PRESIDENT Emmerson Mnangagwa, in his inaugural speech following the November 2017 coup that thrust him to power, promised to make State institutions work, unlike his predecessor former President Robert Mugabe, whose centralisation of authority had rendered even Parliament ineffective.
The announcement this week that Zimbabwe had “mortgaged” $500 million worth of diamonds to neighbouring Botswana as part of Mnangagwa’s efforts to fund his monetary policy raises a red flag, if not a stink.
That authorities have announced the signing of the deal, with Mnangagwa and his Motswana counterpart Mokgweetsi Mosisi set to rubberstamp the decision later this week, means Parliament has been overlooked.
This is outright illegal and flies in the face of Mnangagwa’s pledge of being “a listening President” and his commitment to a more constitutional government that is ready to respect the rule of law and allow institutions of good governance to exercise their authority.
Less than two years into Mnangagwa’s government, the military has been deployed twice on civilians, with gruesome consequences and this with no parliamentary approval, even as an afterthought.

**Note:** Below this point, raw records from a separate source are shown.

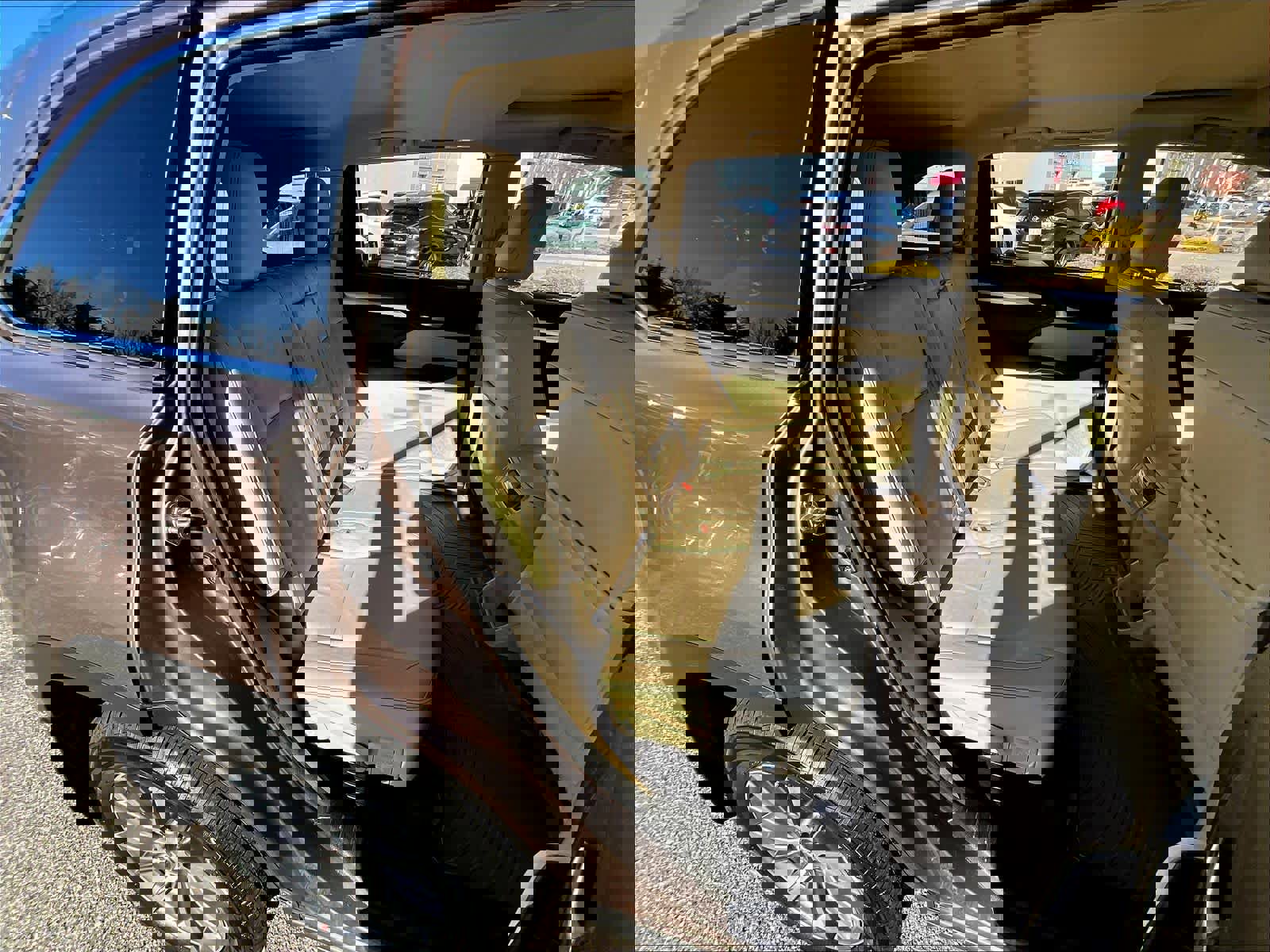 Used 2017 Toyota Highlander XLE image 16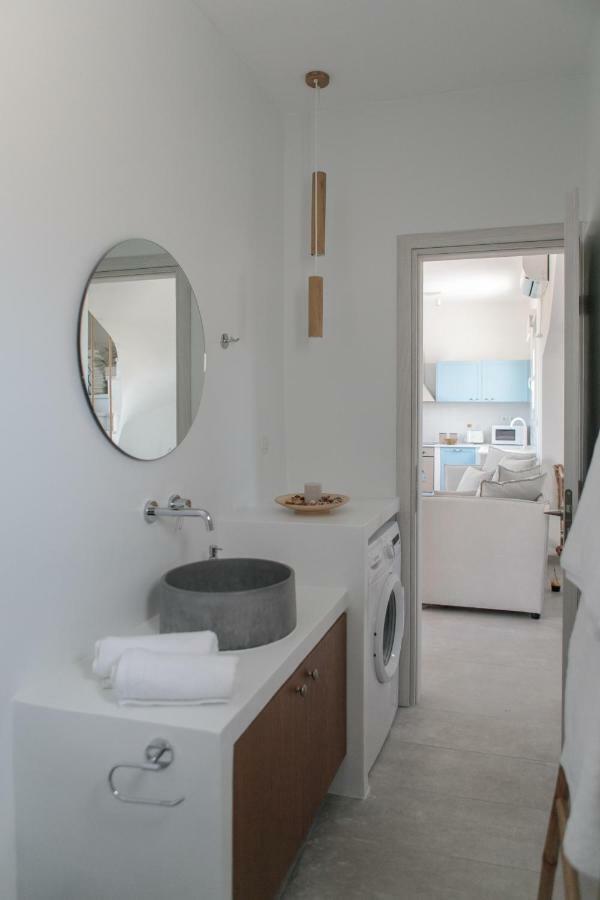 Naxos Infinity Villa And Suites Galanado Luaran gambar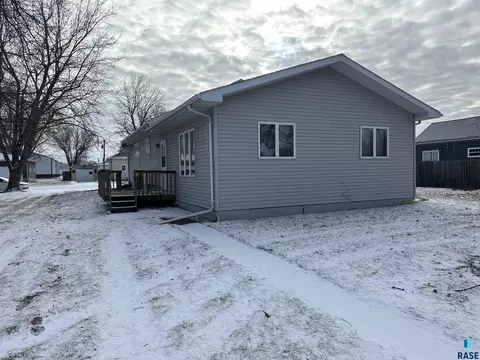 216 W Henry St, Freeman, SD 57029 photo 6
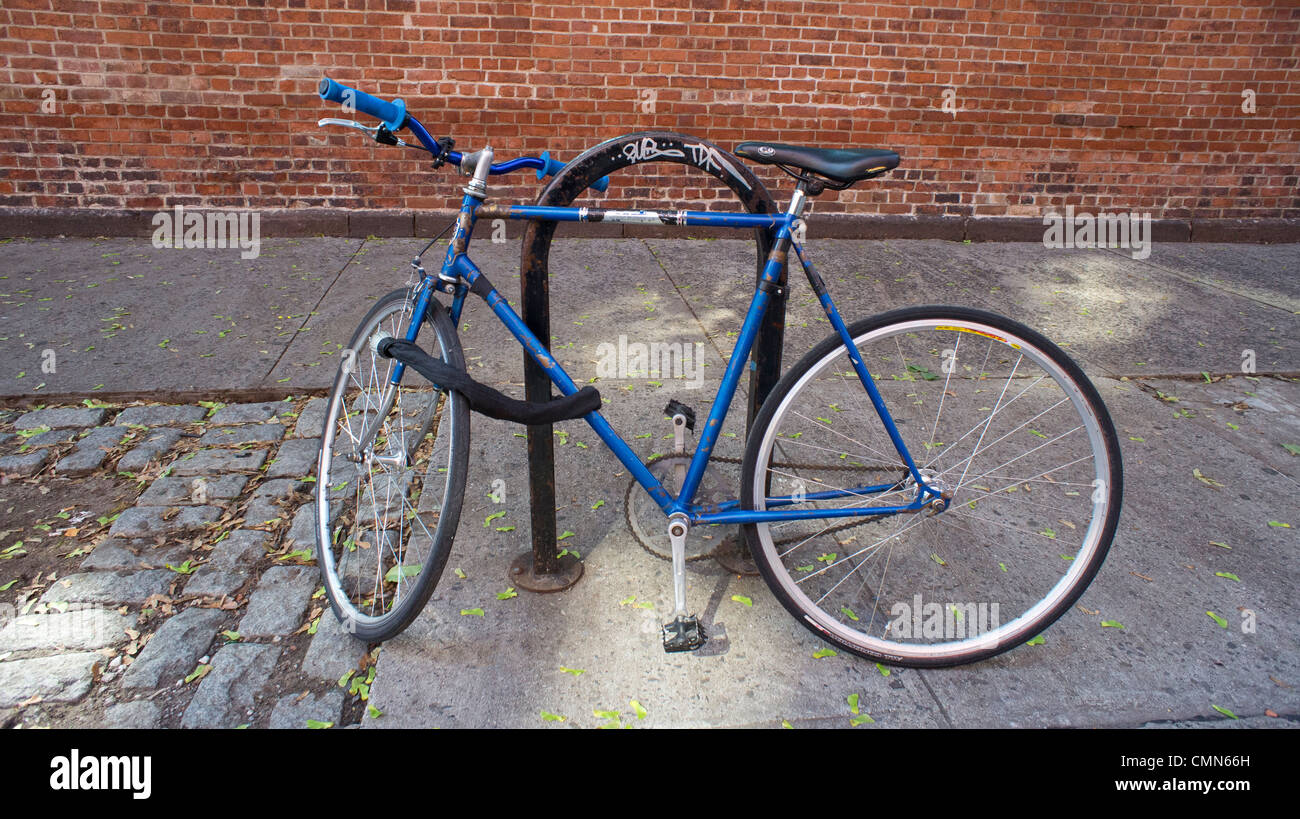 chained bikes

No less than 20 people have been killed by the army. Mnangagwa has become a law unto himself and while Mugabe is the wrong person to talk about the role of the army in ordinary governance systems, the former Zanu PF leader is right that the “military should go back where it belongs” — the barracks.
Mnangagwa’s deal with Botswana could actually help Zimbabwe since the neighbouring country has acquired expertise in beneficiation around the diamond sector, but that does not give government carte blanche to auction our gems without due regard to the dictates of the law.
How does he justify the mortgaging of future generations’ heritage for short-term economic gains?
Zimbabweans must sit up and take notice, and question Mnangagwa’s sincerity in riding roughshod over other arms of the State, particularly Parliament. The Legislature must also wake up and demand its space.
These are individuals elected by the people to represent their interests against a parasitic elite that has since forgotten its connection to citizens.
Mnangagwa thinks he owes nobody an explanation, but it is important that someone reminds him that his administration does not operate in a vacuum.
Our problems might not be Mnangagwa, after all. It’s a sleeping population and an equally docile legislature that only wakes up when it comes to allowances and off-road cars.